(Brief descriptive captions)
═══
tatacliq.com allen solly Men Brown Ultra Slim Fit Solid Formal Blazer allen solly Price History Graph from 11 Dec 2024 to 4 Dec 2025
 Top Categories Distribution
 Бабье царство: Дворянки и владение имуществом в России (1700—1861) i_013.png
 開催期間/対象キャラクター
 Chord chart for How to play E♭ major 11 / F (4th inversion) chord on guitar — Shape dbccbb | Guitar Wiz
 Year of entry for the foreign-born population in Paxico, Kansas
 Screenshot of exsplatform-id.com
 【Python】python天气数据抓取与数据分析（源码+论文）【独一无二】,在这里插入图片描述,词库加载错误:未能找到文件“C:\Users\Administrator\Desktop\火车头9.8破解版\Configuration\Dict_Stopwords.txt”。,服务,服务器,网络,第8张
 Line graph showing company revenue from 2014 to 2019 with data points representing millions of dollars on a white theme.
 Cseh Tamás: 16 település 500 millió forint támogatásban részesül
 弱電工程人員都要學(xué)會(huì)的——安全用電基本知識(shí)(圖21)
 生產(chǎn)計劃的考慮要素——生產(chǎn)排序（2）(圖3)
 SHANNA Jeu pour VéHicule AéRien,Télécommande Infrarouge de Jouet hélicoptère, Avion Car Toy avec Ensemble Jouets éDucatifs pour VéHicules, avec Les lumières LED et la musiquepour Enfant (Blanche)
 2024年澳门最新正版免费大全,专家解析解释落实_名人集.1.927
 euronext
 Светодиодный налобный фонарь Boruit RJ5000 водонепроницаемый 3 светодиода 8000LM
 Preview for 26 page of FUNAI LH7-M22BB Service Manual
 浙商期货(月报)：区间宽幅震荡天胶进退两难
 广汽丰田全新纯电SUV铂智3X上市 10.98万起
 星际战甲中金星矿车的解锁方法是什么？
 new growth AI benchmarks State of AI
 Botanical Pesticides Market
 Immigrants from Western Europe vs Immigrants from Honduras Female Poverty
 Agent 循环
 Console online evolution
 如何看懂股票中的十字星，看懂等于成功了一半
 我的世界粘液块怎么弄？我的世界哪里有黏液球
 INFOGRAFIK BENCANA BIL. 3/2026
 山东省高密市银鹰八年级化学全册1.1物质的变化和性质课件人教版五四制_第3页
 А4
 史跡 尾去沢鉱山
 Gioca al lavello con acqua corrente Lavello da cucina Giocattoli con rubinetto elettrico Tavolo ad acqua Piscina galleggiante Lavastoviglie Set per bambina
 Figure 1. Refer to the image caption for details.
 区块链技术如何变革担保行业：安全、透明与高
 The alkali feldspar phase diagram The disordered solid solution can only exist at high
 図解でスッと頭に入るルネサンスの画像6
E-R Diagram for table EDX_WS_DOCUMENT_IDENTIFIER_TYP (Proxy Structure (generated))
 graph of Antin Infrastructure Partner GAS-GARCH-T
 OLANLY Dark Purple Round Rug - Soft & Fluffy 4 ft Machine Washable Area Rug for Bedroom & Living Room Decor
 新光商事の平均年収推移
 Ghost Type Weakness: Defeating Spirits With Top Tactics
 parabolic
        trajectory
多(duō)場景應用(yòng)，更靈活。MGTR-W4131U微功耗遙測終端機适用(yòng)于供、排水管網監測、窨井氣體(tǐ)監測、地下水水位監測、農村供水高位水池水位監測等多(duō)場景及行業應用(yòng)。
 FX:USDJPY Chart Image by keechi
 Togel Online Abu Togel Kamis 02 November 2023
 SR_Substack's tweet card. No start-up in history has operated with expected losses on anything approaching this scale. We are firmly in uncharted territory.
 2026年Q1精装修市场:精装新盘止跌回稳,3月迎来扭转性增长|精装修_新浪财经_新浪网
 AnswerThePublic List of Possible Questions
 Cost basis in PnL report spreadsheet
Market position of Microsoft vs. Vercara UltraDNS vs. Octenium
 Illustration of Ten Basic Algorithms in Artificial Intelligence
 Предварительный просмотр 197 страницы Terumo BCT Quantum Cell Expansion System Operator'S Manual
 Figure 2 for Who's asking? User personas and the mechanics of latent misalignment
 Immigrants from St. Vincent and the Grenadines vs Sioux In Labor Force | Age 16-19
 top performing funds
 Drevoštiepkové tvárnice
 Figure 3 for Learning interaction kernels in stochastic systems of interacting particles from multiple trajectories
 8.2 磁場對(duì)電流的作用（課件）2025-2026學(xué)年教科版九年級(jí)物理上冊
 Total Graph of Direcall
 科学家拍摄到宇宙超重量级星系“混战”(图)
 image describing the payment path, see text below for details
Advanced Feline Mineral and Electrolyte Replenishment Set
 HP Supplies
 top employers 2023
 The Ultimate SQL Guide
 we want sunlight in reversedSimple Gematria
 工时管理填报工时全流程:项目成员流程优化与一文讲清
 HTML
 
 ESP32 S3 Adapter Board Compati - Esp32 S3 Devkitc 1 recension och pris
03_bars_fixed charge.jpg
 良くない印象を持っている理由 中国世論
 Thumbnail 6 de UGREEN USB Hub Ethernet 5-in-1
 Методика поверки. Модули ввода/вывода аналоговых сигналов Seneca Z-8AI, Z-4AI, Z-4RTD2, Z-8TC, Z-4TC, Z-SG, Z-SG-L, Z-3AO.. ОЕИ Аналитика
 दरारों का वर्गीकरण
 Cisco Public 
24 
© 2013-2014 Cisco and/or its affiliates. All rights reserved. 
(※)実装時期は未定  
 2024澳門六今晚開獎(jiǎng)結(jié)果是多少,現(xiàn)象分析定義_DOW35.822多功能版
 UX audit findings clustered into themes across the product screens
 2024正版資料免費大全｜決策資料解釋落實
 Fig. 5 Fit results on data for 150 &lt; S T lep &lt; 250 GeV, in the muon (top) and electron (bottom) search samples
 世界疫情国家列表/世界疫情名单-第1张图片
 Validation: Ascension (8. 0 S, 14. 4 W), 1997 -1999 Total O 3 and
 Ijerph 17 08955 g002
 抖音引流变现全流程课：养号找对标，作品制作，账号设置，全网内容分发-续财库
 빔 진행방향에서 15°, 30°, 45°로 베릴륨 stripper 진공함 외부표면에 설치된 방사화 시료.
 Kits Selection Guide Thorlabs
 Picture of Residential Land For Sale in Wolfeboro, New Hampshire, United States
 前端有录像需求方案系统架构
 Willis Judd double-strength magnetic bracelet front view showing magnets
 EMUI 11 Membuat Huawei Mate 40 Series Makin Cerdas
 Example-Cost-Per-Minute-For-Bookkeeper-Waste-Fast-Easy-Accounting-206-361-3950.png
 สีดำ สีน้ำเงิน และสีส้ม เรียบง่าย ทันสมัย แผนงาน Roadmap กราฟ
═══
• **WHAT IS BEING ASKED**
Output each record precisely as given.

• **TASK RESPONSE**
tatacliq.com allen solly Men Brown Ultra Slim Fit Solid Formal Blazer allen solly Price History Graph from 11 Dec 2024 to 4 Dec 2025
 Top Categories Distribution
 Бабье царство: Дворянки и владение имуществом в России (1700—1861) i_013.png
 開催期間/対象キャラクター
 Chord chart for How to play E♭ major 11 / F (4th inversion) chord on guitar — Shape dbccbb | Guitar Wiz
 Year of entry for the foreign-born population in Paxico, Kansas
 Screenshot of exsplatform-id.com
 【Python】python天气数据抓取与数据分析（源码+论文）【独一无二】,在这里插入图片描述,词库加载错误:未能找到文件“C:\Users\Administrator\Desktop\火车头9.8破解版\Configuration\Dict_Stopwords.txt”。,服务,服务器,网络,第8张
 Line graph showing company revenue from 2014 to 2019 with data points representing millions of dollars on a white theme.
 Cseh Tamás: 16 település 500 millió forint támogatásban részesül
 弱電工程人員都要學(xué)會(huì)的——安全用電基本知識(shí)(圖21)
 生產(chǎn)計劃的考慮要素——生產(chǎn)排序（2）(圖3)
 SHANNA Jeu pour VéHicule AéRien,Télécommande Infrarouge de Jouet hélicoptère, Avion Car Toy avec Ensemble Jouets éDucatifs pour VéHicules, avec Les lumières LED et la musiquepour Enfant (Blanche)
 2024年澳门最新正版免费大全,专家解析解释落实_名人集.1.927
 euronext
 Светодиодный налобный фонарь Boruit RJ5000 водонепроницаемый 3 светодиода 8000LM
 Preview for 26 page of FUNAI LH7-M22BB Service Manual
 浙商期货(月报)：区间宽幅震荡天胶进退两难
 广汽丰田全新纯电SUV铂智3X上市 10.98万起
 星际战甲中金星矿车的解锁方法是什么？
 new growth AI benchmarks State of AI
 Botanical Pesticides Market
 Immigrants from Western Europe vs Immigrants from Honduras Female Poverty
 Agent 循环
 Console online evolution
 如何看懂股票中的十字星，看懂等于成功了一半
 我的世界粘液块怎么弄？我的世界哪里有黏液球
 INFOGRAFIK BENCANA BIL. 3/2026
 山东省高密市银鹰八年级化学全册1.1物质的变化和性质课件人教版五四制_第3页
 А4
 史跡 尾去沢鉱山
 Gioca al lavello con acqua corrente Lavello da cucina Giocattoli con rubinetto elettrico Tavolo ad acqua Piscina galleggiante Lavastoviglie Set per bambina
 Figure 1. Refer to the image caption for details.
 区块链技术如何变革担保行业：安全、透明与高
 The alkali feldspar phase diagram The disordered solid solution can only exist at high
 図解でスッと頭に入るルネサンスの画像6
E-R Diagram for table EDX_WS_DOCUMENT_IDENTIFIER_TYP (Proxy Structure (generated))
 graph of Antin Infrastructure Partner GAS-GARCH-T
 OLANLY Dark Purple Round Rug - Soft & Fluffy 4 ft Machine Washable Area Rug for Bedroom & Living Room Decor
 新光商事の平均年収推移
 Ghost Type Weakness: Defeating Spirits With Top Tactics
 parabolic
        trajectory
多(duō)場景應用(yòng)，更靈活。MGTR-W4131U微功耗遙測終端機适用(yòng)于供、排水管網監測、窨井氣體(tǐ)監測、地下水水位監測、農村供水高位水池水位監測等多(duō)場景及行業應用(yòng)。
 FX:USDJPY Chart Image by keechi
 Togel Online Abu Togel Kamis 02 November 2023
 SR_Substack's tweet card. No start-up in history has operated with expected losses on anything approaching this scale. We are firmly in uncharted territory.
 2026年Q1精装修市场:精装新盘止跌回稳,3月迎来扭转性增长|精装修_新浪财经_新浪网
 AnswerThePublic List of Possible Questions
 Cost basis in PnL report spreadsheet
Market position of Microsoft vs. Vercara UltraDNS vs. Octenium
 Illustration of Ten Basic Algorithms in Artificial Intelligence
 Предварительный просмотр 197 страницы Terumo BCT Quantum Cell Expansion System Operator'S Manual
 Figure 2 for Who's asking? User personas and the mechanics of latent misalignment
 Immigrants from St. Vincent and the Grenadines vs Sioux In Labor Force | Age 16-19
 top performing funds
 Drevoštiepkové tvárnice
 Figure 3 for Learning interaction kernels in stochastic systems of interacting particles from multiple trajectories
 8.2 磁場對(duì)電流的作用（課件）2025-2026學(xué)年教科版九年級(jí)物理上冊
 Total Graph of Direcall
 科学家拍摄到宇宙超重量级星系“混战”(图)
 image describing the payment path, see text below for details
Advanced Feline Mineral and Electrolyte Replenishment Set
 HP Supplies
 top employers 2023
 The Ultimate SQL Guide
 we want sunlight in reversedSimple Gematria
 工时管理填报工时全流程:项目成员流程优化与一文讲清
 HTML
 
 ESP32 S3 Adapter Board Compati - Esp32 S3 Devkitc 1 recension och pris
03_bars_fixed charge.jpg
 良くない印象を持っている理由 中国世論
 Thumbnail 6 de UGREEN USB Hub Ethernet 5-in-1
 Методика поверки. Модули ввода/вывода аналоговых сигналов Seneca Z-8AI, Z-4AI, Z-4RTD2, Z-8TC, Z-4TC, Z-SG, Z-SG-L, Z-3AO.. ОЕИ Аналитика
 दरारों का वर्गीकरण
 Cisco Public 
24 
© 2013-2014 Cisco and/or its affiliates. All rights reserved. 
(※)実装時期は未定  
 2024澳門六今晚開獎(jiǎng)結(jié)果是多少,現(xiàn)象分析定義_DOW35.822多功能版
 UX audit findings clustered into themes across the product screens
 2024正版資料免費大全｜決策資料解釋落實
 Fig. 5 Fit results on data for 150 &lt; S T lep &lt; 250 GeV, in the muon (top) and electron (bottom) search samples
 世界疫情国家列表/世界疫情名单-第1张图片
 Validation: Ascension (8. 0 S, 14. 4 W), 1997 -1999 Total O 3 and
 Ijerph 17 08955 g002
 抖音引流变现全流程课：养号找对标，作品制作，账号设置，全网内容分发-续财库
 빔 진행방향에서 15°, 30°, 45°로 베릴륨 stripper 진공함 외부표면에 설치된 방사화 시료.
 Kits Selection Guide Thorlabs
 Picture of Residential Land For Sale in Wolfeboro, New Hampshire, United States
 前端有录像需求方案系统架构
 Willis Judd double-strength magnetic bracelet front view showing magnets
 EMUI 11 Membuat Huawei Mate 40 Series Makin Cerdas
 Example-Cost-Per-Minute-For-Bookkeeper-Waste-Fast-Easy-Accounting-206-361-3950.png
 สีดำ สีน้ำเงิน และสีส้ม เรียบง่าย ทันสมัย แผนงาน Roadmap กราฟ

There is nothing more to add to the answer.